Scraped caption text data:
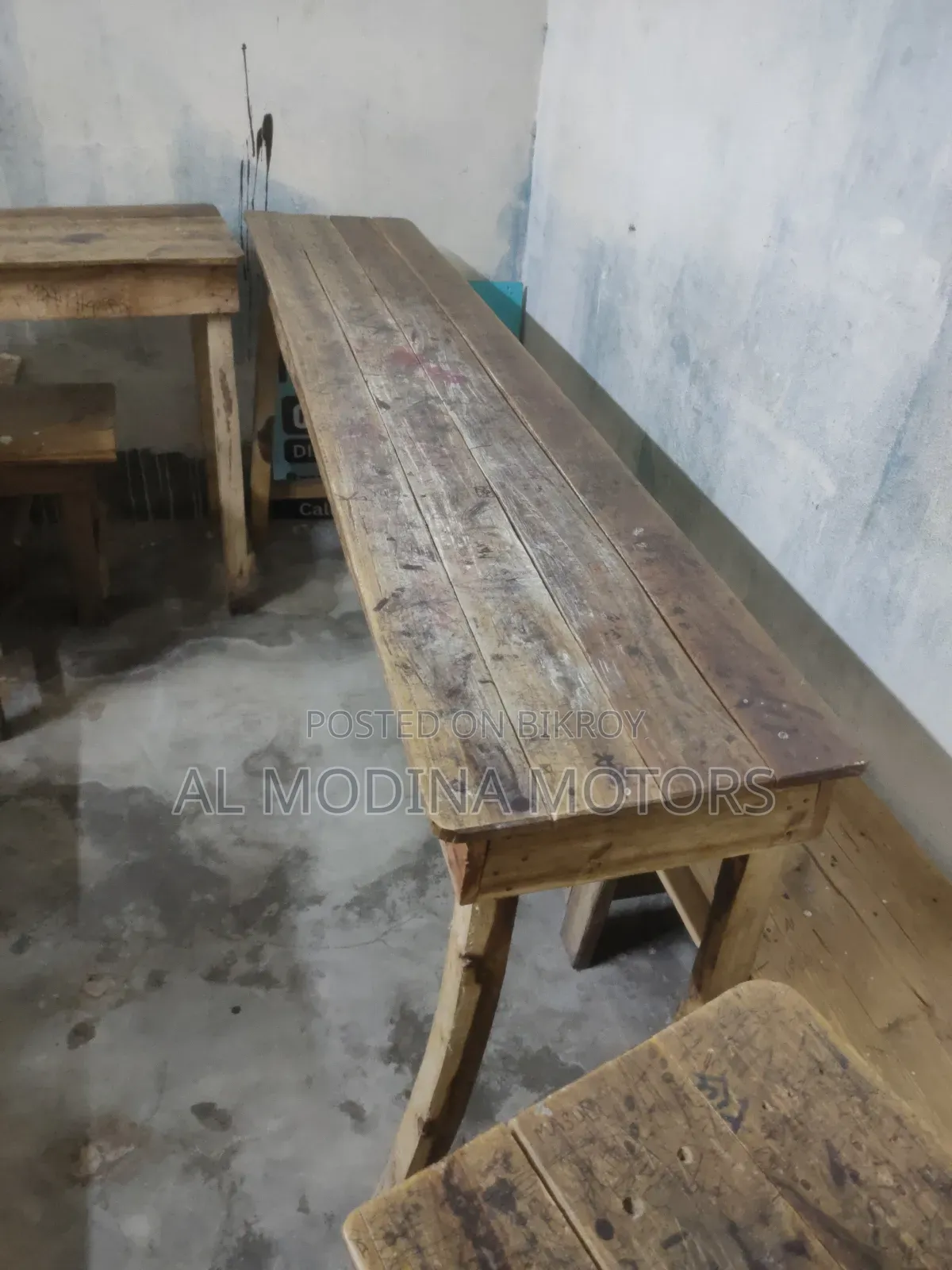 Coaching Table Chair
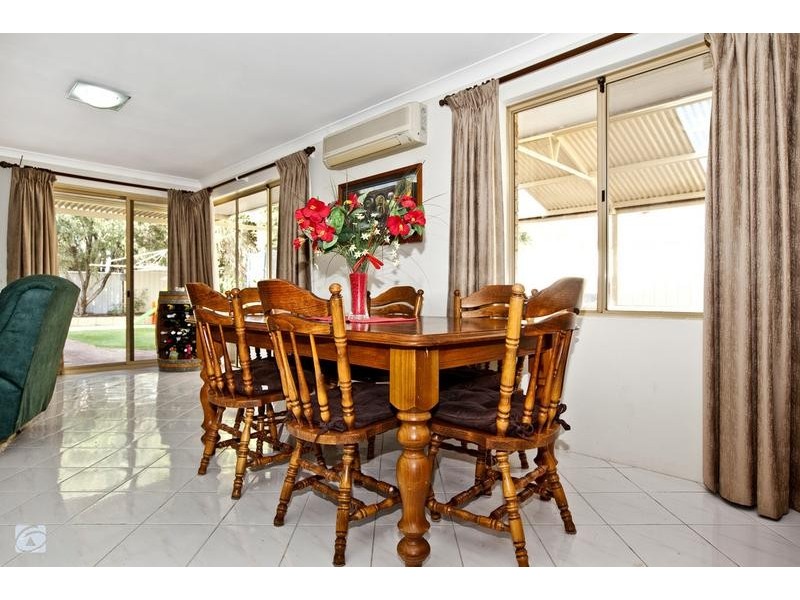 14 Bolderwood Drive, South Lake WA 6164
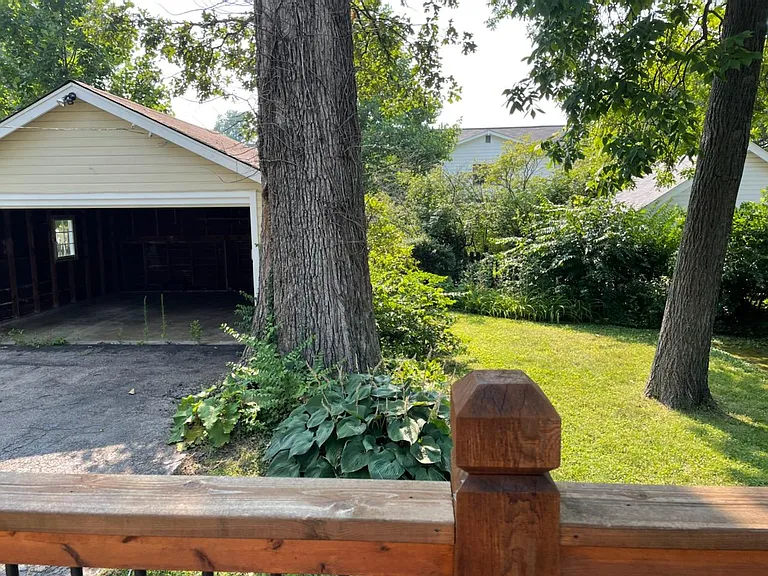 127 Parkland Ave — Photo 19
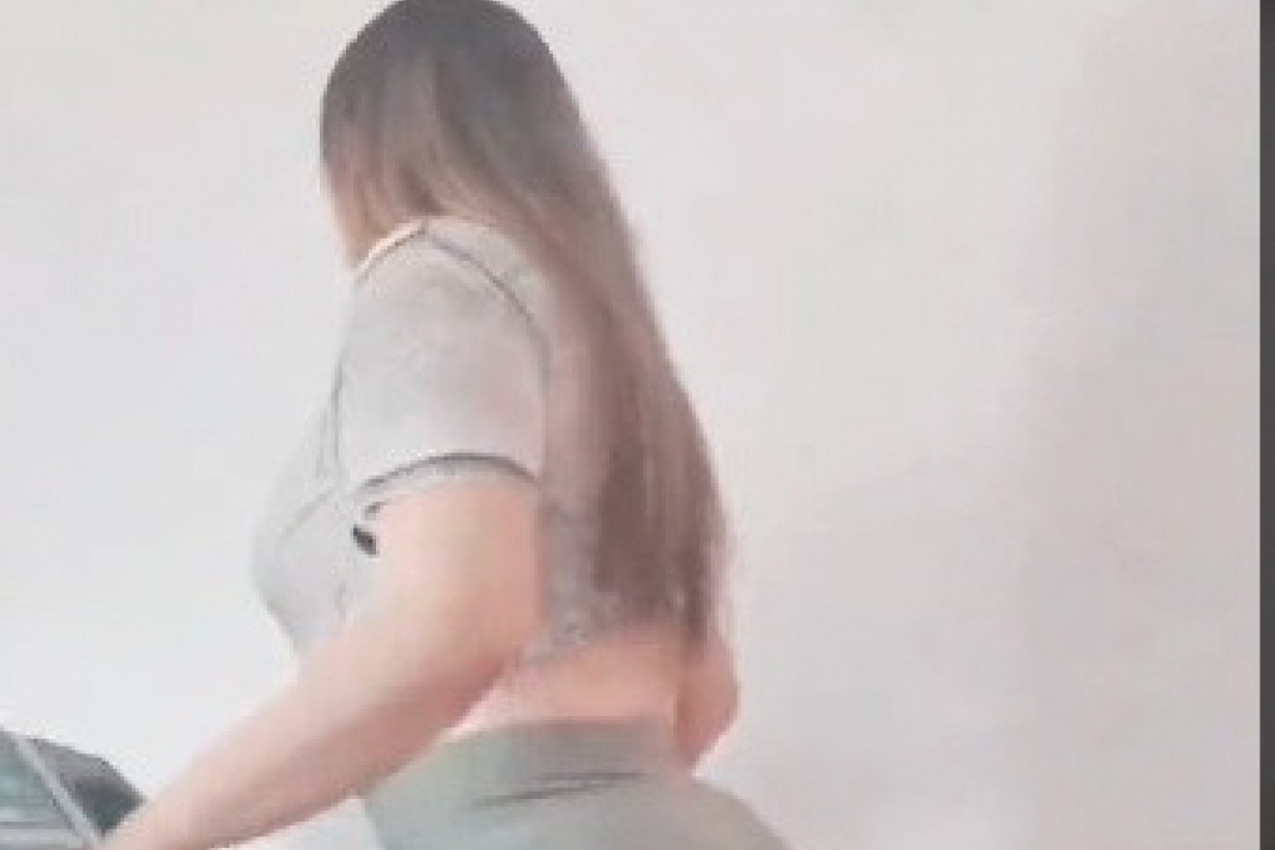 DOBRO POGLEDAJTE SNIMAK OVE DEVOJKE: Kadrovi njenih bujnih oblina obišli su ceo svet, ljudi u neverici gledaju (VIDEO)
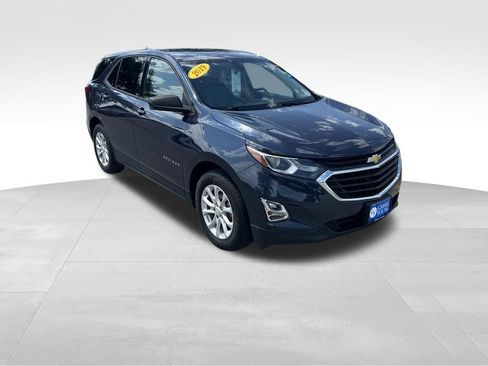 Used 2019 Chevrolet Equinox LS w/ LS Convenience Package FWD image 9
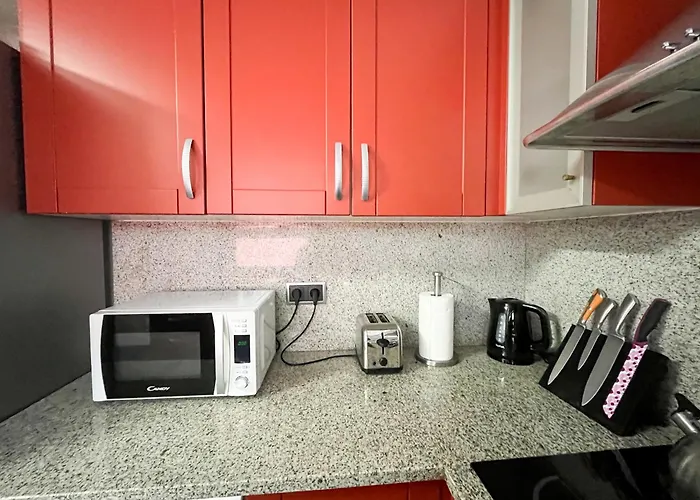 Modern In Old Town W Cathedral Views *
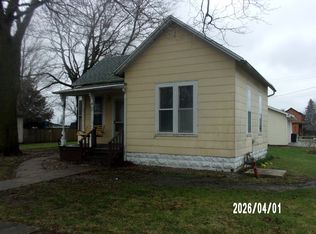 309 N Colfax St, Crescent City, IL 60928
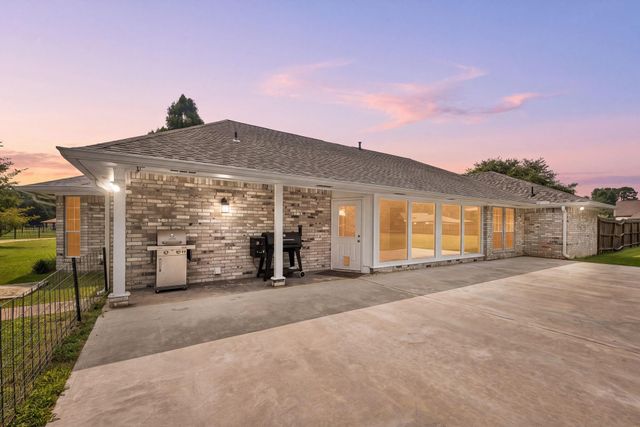 141 County Road 2209 S, Cleveland, TX 77327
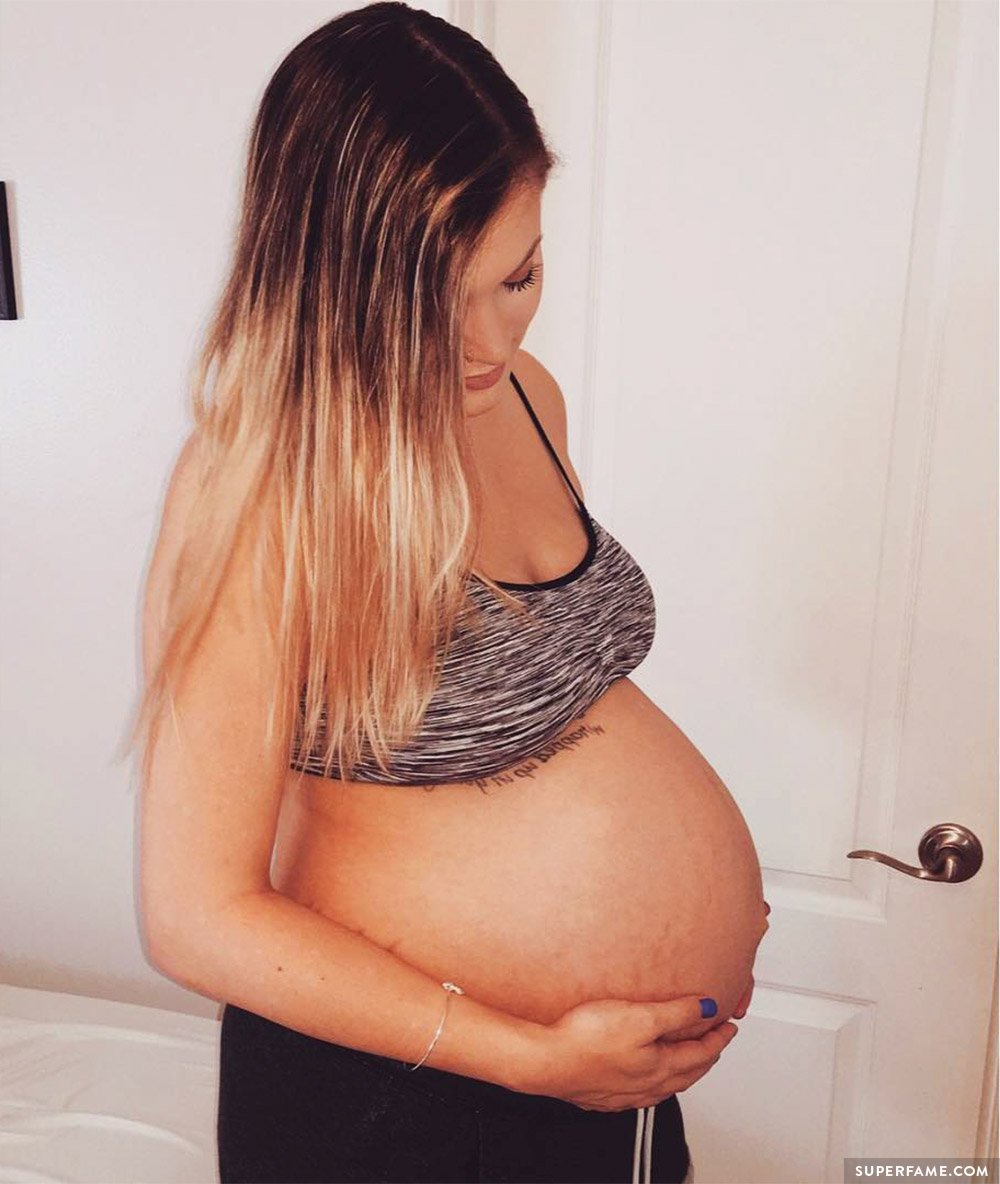 Jessi Smiles' pregnant belly.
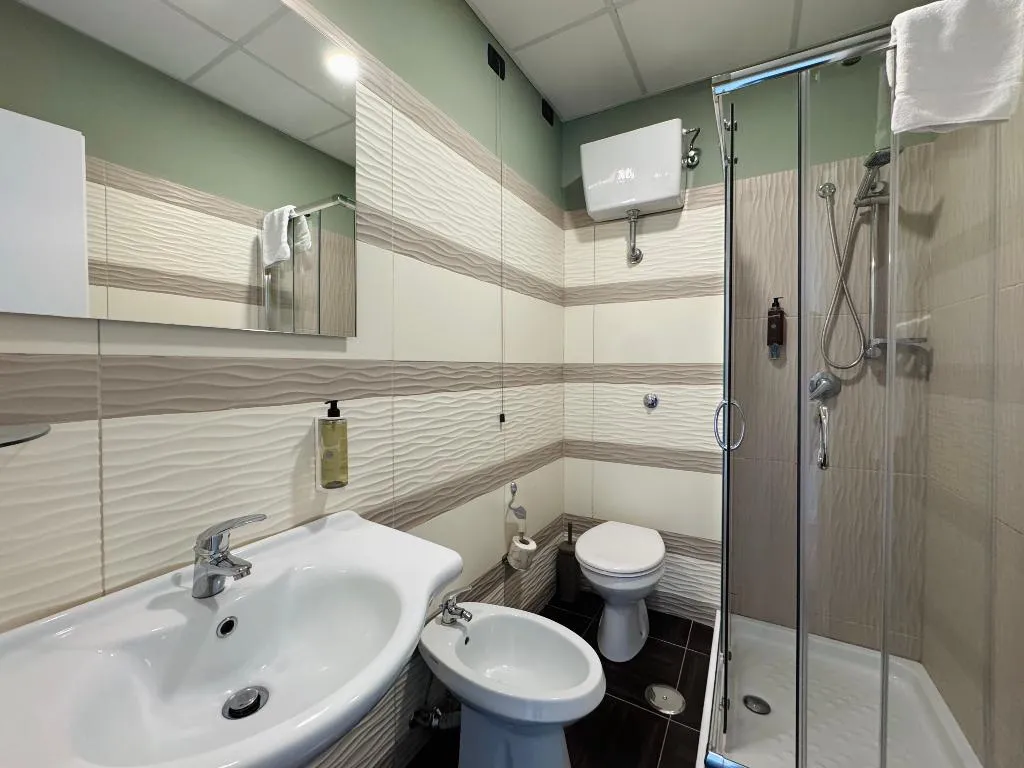 Double or Twin CLASSIC WITH BALCONY Room, Hotel La Pergola, Naples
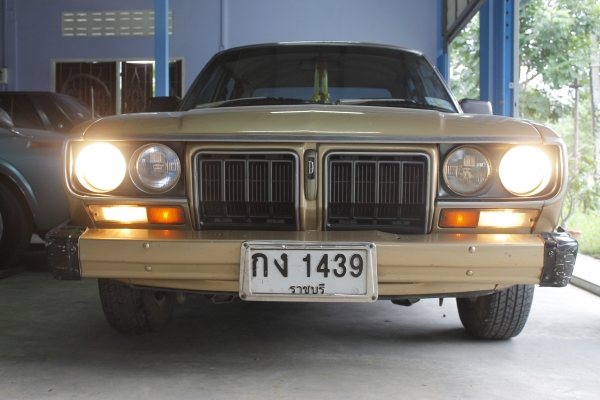 Datsun Bluebird 180B ปี 1977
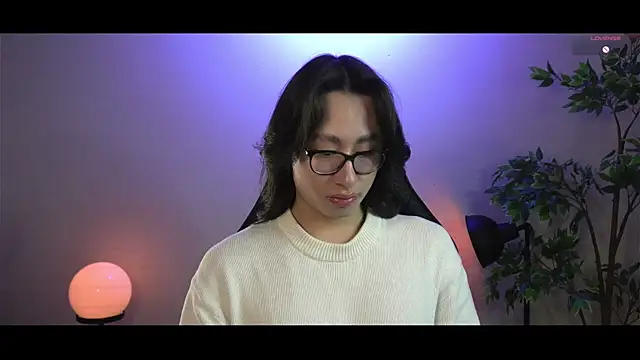 Snapshot of SrLuis18 chatting on January 2025 09:18:02 PM SrLuis18 online show from January 2025 09:18:02 PM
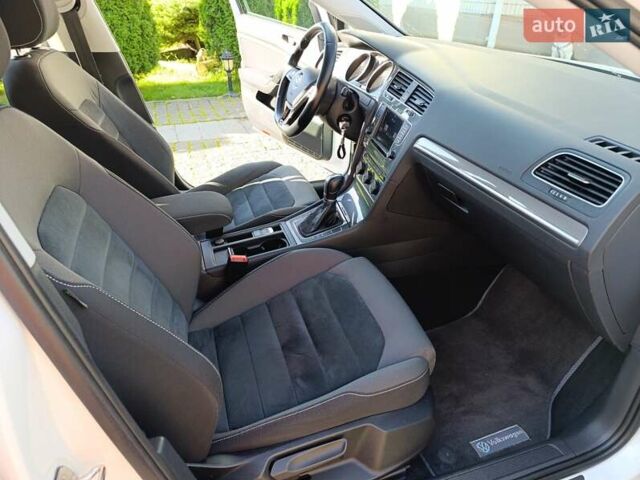 Белый Фольксваген Golf Alltrack, объемом двигателя 1.97 л и пробегом 235 тыс. км за 13600 $, фото 12 на Automoto.ua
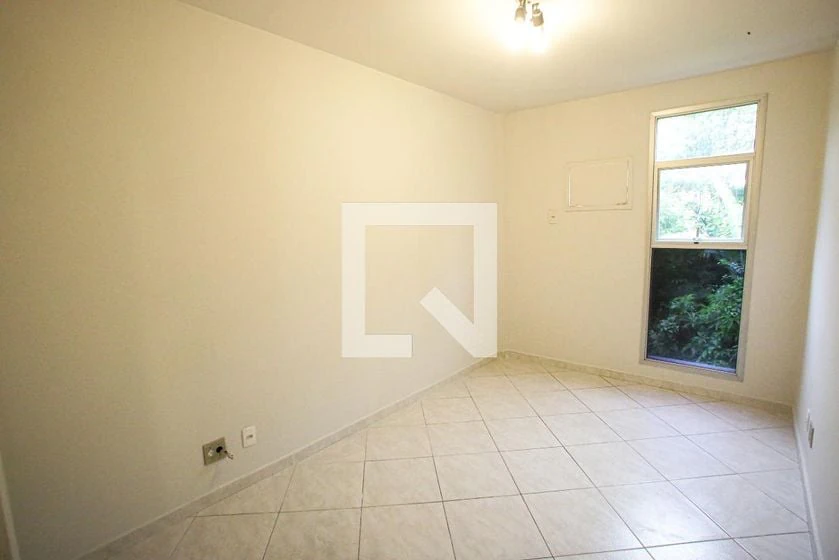 2-bedroom apartment in a building with a gym — photo 6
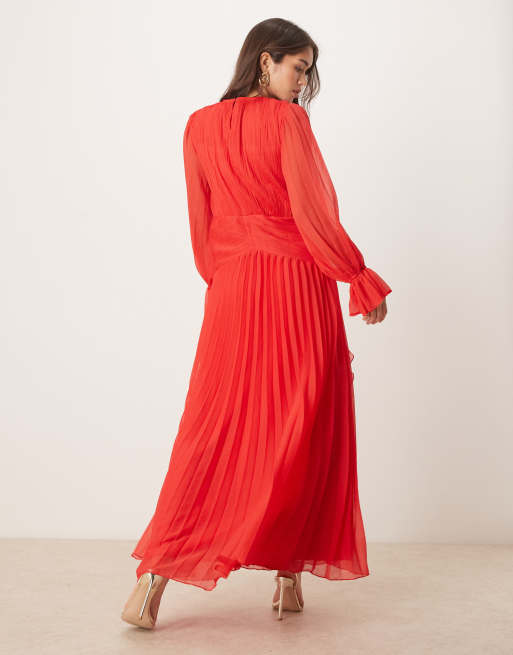 Vestido largo rojo fruncido con cuello alto y cinturón de ASOS DESIGN, 3 de 4
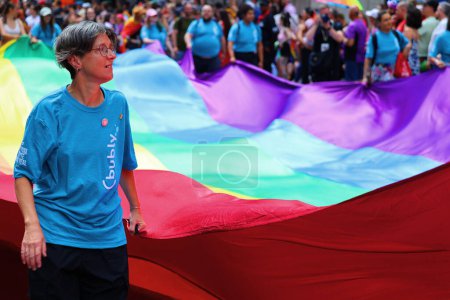 Foto de MONTREAL QUEBEC CANADA 08 13 23: Participantes en el festival Community Day for Montreal Pride Celebrations. Este evento tiene el mandato de involucrar, educar y entretener - Imagen libre de derechos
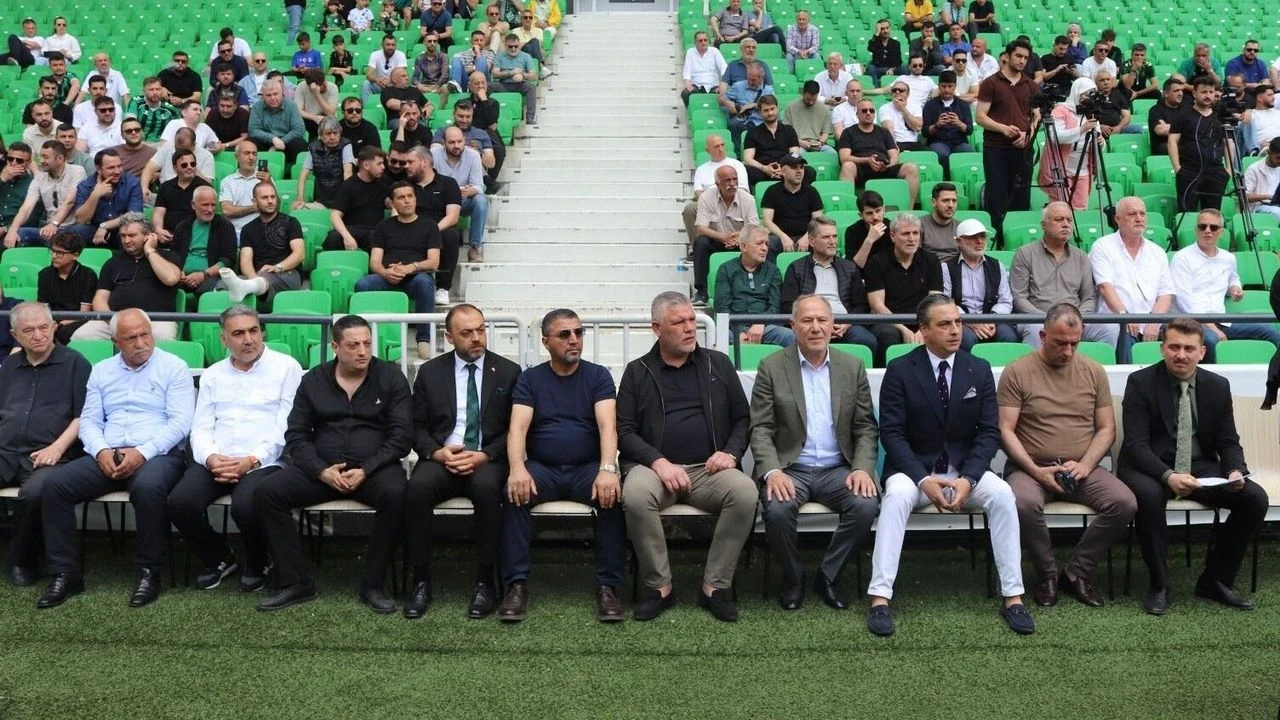 Sakaryaspor’da 47 Günlük Sessizlik! Kongre Belirsizliği Sürüyor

GOAL OF THE EXERCISE:
Every line of the data should be transcribed exactly. Omit the images.

EXERCISE ANSWER:
 Coaching Table Chair
 14 Bolderwood Drive, South Lake WA 6164
 127 Parkland Ave — Photo 19
 DOBRO POGLEDAJTE SNIMAK OVE DEVOJKE: Kadrovi njenih bujnih oblina obišli su ceo svet, ljudi u neverici gledaju (VIDEO)
 Used 2019 Chevrolet Equinox LS w/ LS Convenience Package FWD image 9
 Modern In Old Town W Cathedral Views *
 309 N Colfax St, Crescent City, IL 60928
 141 County Road 2209 S, Cleveland, TX 77327
 Jessi Smiles' pregnant belly.
 Double or Twin CLASSIC WITH BALCONY Room, Hotel La Pergola, Naples
 Datsun Bluebird 180B ปี 1977
 Snapshot of SrLuis18 chatting on January 2025 09:18:02 PM SrLuis18 online show from January 2025 09:18:02 PM
 Белый Фольксваген Golf Alltrack, объемом двигателя 1.97 л и пробегом 235 тыс. км за 13600 $, фото 12 на Automoto.ua
 2-bedroom apartment in a building with a gym — photo 6
 Vestido largo rojo fruncido con cuello alto y cinturón de ASOS DESIGN, 3 de 4
 Foto de MONTREAL QUEBEC CANADA 08 13 23: Participantes en el festival Community Day for Montreal Pride Celebrations. Este evento tiene el mandato de involucrar, educar y entretener - Imagen libre de derechos
 Sakaryaspor’da 47 Günlük Sessizlik! Kongre Belirsizliği Sürüyor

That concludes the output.